К этому моменту заседание лишилось всякой организации. «Все говорили одновременно, — говорил Боттаи. — Все только и делали, что обвиняли». Муссолини заявил, что у него в руках ключ к военной ситуации, однако он не сказал, что имелось в виду. «Если вы избавитесь от меня, — крикнул он, — я должен буду отказаться от секретного оружия, которое может положить конец этой войне. Вы потеряете все разом — меня, ваши головы, проиграете войну». Услышав эти слова, Фариначчи воззрился на него с изумлением, Гранди же лишь прошипел: «Шантаж!».
Всех изумил граф Джакомо Суардо, президент Сената, подкрепивший себя в перерыве большим стаканом бренди. Он сказал, что отказывается от поддержки Гранди в пользу резолюции Скорца и надеется, что к нему присоединятся и другие. Туллио Чианетти, министр промышленности, заявил, что это, возможно, было бы и наилучшим выходом. Начал колебаться и Чиано. Он предложил назначить комиссию по рассмотрению обеих резолюций, которая должна выработать проект третьей, сочетающей в себе положения обоих документов. Боттаи высказался против этого предложения и вновь призвал к незамедлительным действиям, однако слова его звучали уже не так уверенно, как раньше, и выслушан он был с нарастающим раздражением.
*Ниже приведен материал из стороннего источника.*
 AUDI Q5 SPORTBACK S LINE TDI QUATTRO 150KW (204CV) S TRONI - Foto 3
Незадолго до окончания его речи встал Полверелли и прерывающимся от волнения голосом заявил, что он всегда был и останется приверженцем Муссолини. Тогда Гранди заговорил вновь, но его стал прерывать Биджини. Карло Порески, министр сельского хозяйства, поддержал Гранди, за что был раскритикован Буффарини-Гвиди. Спор становился бессвязным и беспорядочным.
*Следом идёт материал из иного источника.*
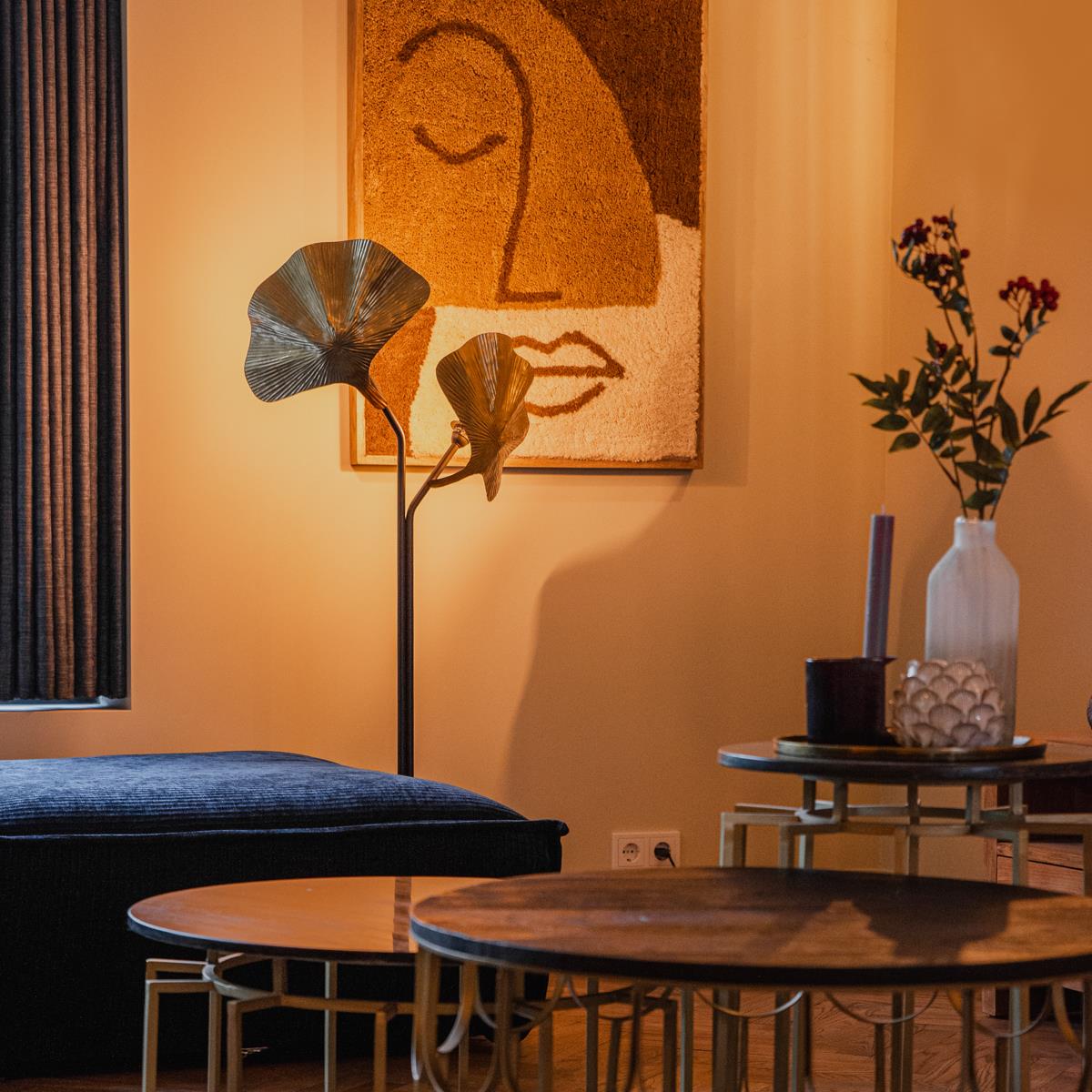 QAZQA Oosterse vloerlamp messing met zwart 2-lichts - Louka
Впоследствии Гранди признавался, что в этот момент он почувствовал, что проиграл. Сторонники Скорца, его войны до победного конца и непоколебимой преданности существующему режиму, и Фариначчи с его безраздельной преданностью Германии, казалось, обрели опору. Около четверти третьего Муссолини резко прервал дискуссию.
«Споры были долгими и всех утомили, — произнес он резким голосом. — На рассмотрение вынесены три предложения. Гранди был первым, поэтому его проект я выношу на голосование. Скорца, назовите имена».
Пока секретарь партии зачитывал по списку фамилии, Муссолини, подавшись вперед и облокотившись на стол, внимательно вглядывался в каждого голосовавшего. «Казалось, его глаза властно заглядывают прямо к нам в душу, — говорил позже Альфиери, — словно он хотел повлиять на принимаемое решение».
На заседании присутствовало двадцать восемь членов Великого совета. При голосовании из них воздержался лишь один — граф Суардо. Скорца, Полверелли, Буффарини-Гвиди и Гальбиати голосовали «против», их поддержали еще три человека. Фариначчи голосовал за свою собственную резолюцию. Девятнадцать голосов было отдано за Гранди.
Муссолини быстро собрал свои бумаги и встал. В этот момент Скорца провозгласил: «Салют дуче!» В ответ раздалось какое-то смущенное бормотание, которое Муссолини сердито оборвал. «Можете этого не делать», — процедил он.
В дверях он обернулся и спокойно, но с горечью в голосе, произнес: «Вы спровоцировали кризис режима».
Он направился в зал Маппамондо, где через несколько минут к нему присоединились Полверелли, Гальбиати, Буффарини-Гвиди и Скорца. Гальбиати предложил немедленно арестовать предателей, но Муссолини, казалось, был убит своим поражением и почти ничего не говорил. После того как они проговорили еще какое-то время, он внезапно прервал их, повернулся к Скорца и сказал: «Кажется, те господа очень обеспокоены достижением мира. Они не понимают того, что Черчилль и Рузвельт хотят не моего свержения, но устранения Италии как средиземноморской державы… Без меня, — тут в его голосе зазвучало тщеславие, — это будет не мир, а диктат».